Canada's new cricket captain just getting started
For a kid from a family which doesn't play sport, Jimmy Hansra has done alright. For a kid who didn't play cricket seriously until he got to university, Canada's new captain has made exceptional progress in a short space of time.
Hansra, a 26-year-old middle order batsman and occasional offspin bowler, has succeeded his teammate Ashish Bagai as skipper of Canada's national team.
After enjoying a successful Cricket World Cup earlier this year, Hansra has just returned from Lauderhill, Fla., where he led Canada to victory in the ICC Americas Championship. Impressive stuff for a player dismissed for a second-ball duck in his Canadian senior debut less than two years ago.
Perhaps we should not be surprised. Hansra's rise in cricketing circles has been anything but conventional.
"I made a thousand runs with a $3 bat," he laughed, remembering his formative years in the game. For a man born in the northern Indian city of Ludhiana, where he lived until the age of 14, when his family immigrated to Canada, it is mildly shocking to hear cricket was not his first love.
"I played soccer and basketball," Hansra recalled of his high school days in Penticton, B.C.
"Nobody knew anything about cricket. They thought I was talking about insects!"
Hansra was a useful striker and leading scorer for Pen High before the big city beckoned.
He remembers "padding up" for the first time as recently as 2004. Hansra had moved to Vancouver to study structural engineering at UBC. Cricket was a weekend sport with Abbottsford CC that slotted conveniently with his academic work.
It didn't take long for his talent to catch the eye.
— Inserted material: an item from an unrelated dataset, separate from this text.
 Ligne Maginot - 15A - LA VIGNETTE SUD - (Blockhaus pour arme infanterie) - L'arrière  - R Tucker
Hansra rose through the ranks of the league and provincial teams before joining the national team in 2009.
"Four years ago, I was playing Division 3 cricket in Abbottsford. Today, I'm captain of Canada!" he enthused, as though he can hardly believe it himself.
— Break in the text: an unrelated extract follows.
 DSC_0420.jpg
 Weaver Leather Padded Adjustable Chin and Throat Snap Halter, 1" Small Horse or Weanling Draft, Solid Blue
Certainly, Hansra enhanced his credentials at the recent Cricket World Cup. He made 43 versus Pakistan and followed that with successive knocks of 70 against both Kenya and New Zealand. When Bagai decided to stand down as captain after the tournament, Hansra's name was at the top of a very short shortlist.
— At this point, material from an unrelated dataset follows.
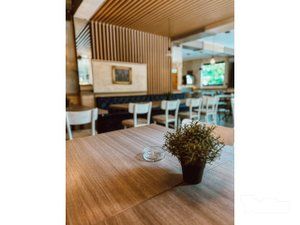 Hedonist space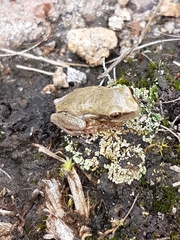 Dendropsophus bogerti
"I'm honoured more than surprised,' he said. "Playing cricket full time is a dream come true."
Hansra is determined to help raise the standard and profile of the sport in Canada, believing there are many others who can follow in his footsteps.
He is encouraged by the International Cricket Council's decision to overturn its ban on smaller cricketing nations, like Canada, competing in future World Cups. Cricket Canada and the ICC's other associate members now get the chance to qualify for the next edition in 2015.
"We have to do much better," Hansra insisted. "It's a new chapter in Canadian cricket," a reference to the talented crop of younger players who have the time to mature before the next World Cup.
There is plenty to keep Hansra and his team occupied between now and then. Afghanistan and Trinidad and Tobago are due in Canada next month before Hansra leads his team to Dublin in September for an Intercontinental Cup series against Ireland. It will leave him little time to indulge his other sporting passion. As a man who knows his soccer, Hansra is a big fan of European champions FC Barcelona.
The $3 bat is long gone. But not the ambition and passion which has helped Hansra rise to the top of Canadian cricket. At this rate, it surely won't be long before he winds up on the Wall of Fame back at Pen High.